Wow, i couldn't do ANYTHING with gloves on this thing except shutter button. Thank goodness it was 30 degrees, but yikes, good luck winter pros. You have got have EVERY setting set before stepping out. And here's a great one. In live view movie, you have to leave live view to change the f stop. But very nice IQ, as we know.
It might be too cold where you are, but when it gets chilly here I use a pair of "Footjoy" brand winter golf gloves when out with my camera. They are thin and have grippy palms, and I find I can use most of the camera controls with them on. If it's really cold, I take a pair of insulated mittens to put on over the gloves in between shots
Mon 31-Dec-12 10:17 AM | edited Mon 31-Dec-12 11:56 PM by km6xz
Brian, that is one I did not think of, so will have to try to find some. I just got back from almost a month in California and could have found them easily but here, there are no golf courses for 400 miles so it might be hard to find.
Just before I got back it was -27 for a week which is too cold for goveless shooting for any more than a couple minutes. Larger all metal lenses really suck the heat out of your hands even if using gloves. Mittens are the warmest solution that if hung with a cord around your neck, they can be slipped out of and the shot taken before your hands freeze if if gets down to really cold temperatures. I've shot to -40 but my point and shoot failed at -57 a few years ago and I have not bothered to use any camera that cold since. One good, if there are any, of Global Climate Warming is that we are not seeing really cold weather as the historic averages. Winter here is now 3 months instead of the traditional 7 months throughout recorded history. The only people not happy about that are ski resort owners, ice fishermen and ice rally drivers. Stan St Petersburg Russia
>Wow, i couldn't do ANYTHING with gloves on this thing except >shutter button.
I don't think you would find much difference on other Nikon's. My D200 is the same way, and it has a similar control layout to the D300/D700 models. I was in the Colorado Rockies Sept. a year ago and found myself freezing my hands on the camera and tripod early in the morning.

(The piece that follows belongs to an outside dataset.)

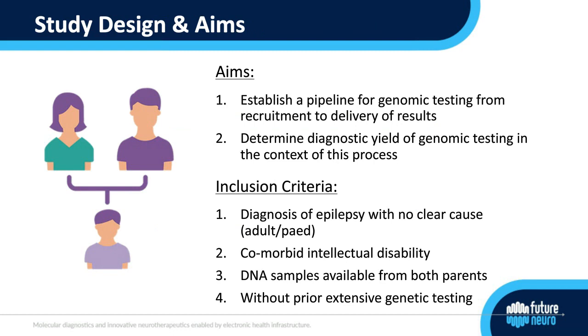Our project focuses on genomic testing using whole exome sequencing, and also some array CGH, in patients who have epilepsy and comorbid intellectual disability. Most patients offered whole exome sequencing in the neurological arena are pediatric, with a diagnostic yield of about 30%, but considerably less is known about diagnostic yield in adult epilepsy patients. The aim was to incorporate genomic testing into the epilepsy clinical care pathway, from recruitment right through to delivery of results, using both an in-house bioinformatics pipeline and Congenica's analysis platform.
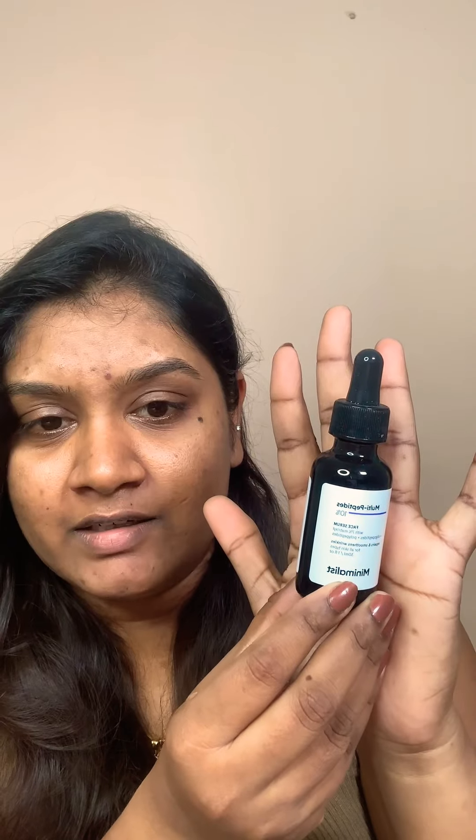Hi guys, welcome back! I know the Nykaa sale is around, and here are my unsponsored skincare recommendations. If there is one product I really want you to get this sale season, it has to be the Minimalist Multi-Peptide Serum.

"Extraordinary claims require extraordinary proof " - Carl Sagan
I feel a chill just looking at that picture. I was born and raised in Southern California and feel really cold if it drops below 60 degrees. We carry a little self contained propane heater with us to use at events, put up a shelter in the rain, and generally run for the car if it drops below 40 degrees.
Wa Wa Wa Wimpy! but can not help it.
The only way I could enjoy taking that picture is with a remote trigger from my heated automobile. Now that I think of it WiFi and an iPad with that total control app might be just the ticket. That and some kind of remote controlled servo kit to swing the camera around for panos.
Have you tried convertible gloves? Imagine a finger-less glove with a mitten top over it, with the mitten part attached only on the backside of the hand so it can flip back and leave the fingers exposed. I don't own any myself but it seems like they might work. Any hiking and camping store such as REI should have them.
>Have you tried convertible gloves? Imagine a finger-less >glove with a mitten top over it, with the mitten part attached >only on the backside of the hand so it can flip back and leave >the fingers exposed. I don't own any myself but it seems like >they might work. Any hiking and camping store such as REI >should have them.
>The issue is the lock on the psam dial ; there was no need >for the lock...
A number of owners of cameras like the D7000 complained that the Mode Dial was too easy to turn accidentally.
>...and now you can not do it without two hands and no gloves.
Maybe not. I find it quite simple to adjust the Mode Dial - even with its lock button - with one hand whilst wearing the winter golf gloves I referred to in my earlier post. I press the lock button with my forefinger and rotate the dial between thumb and second finger.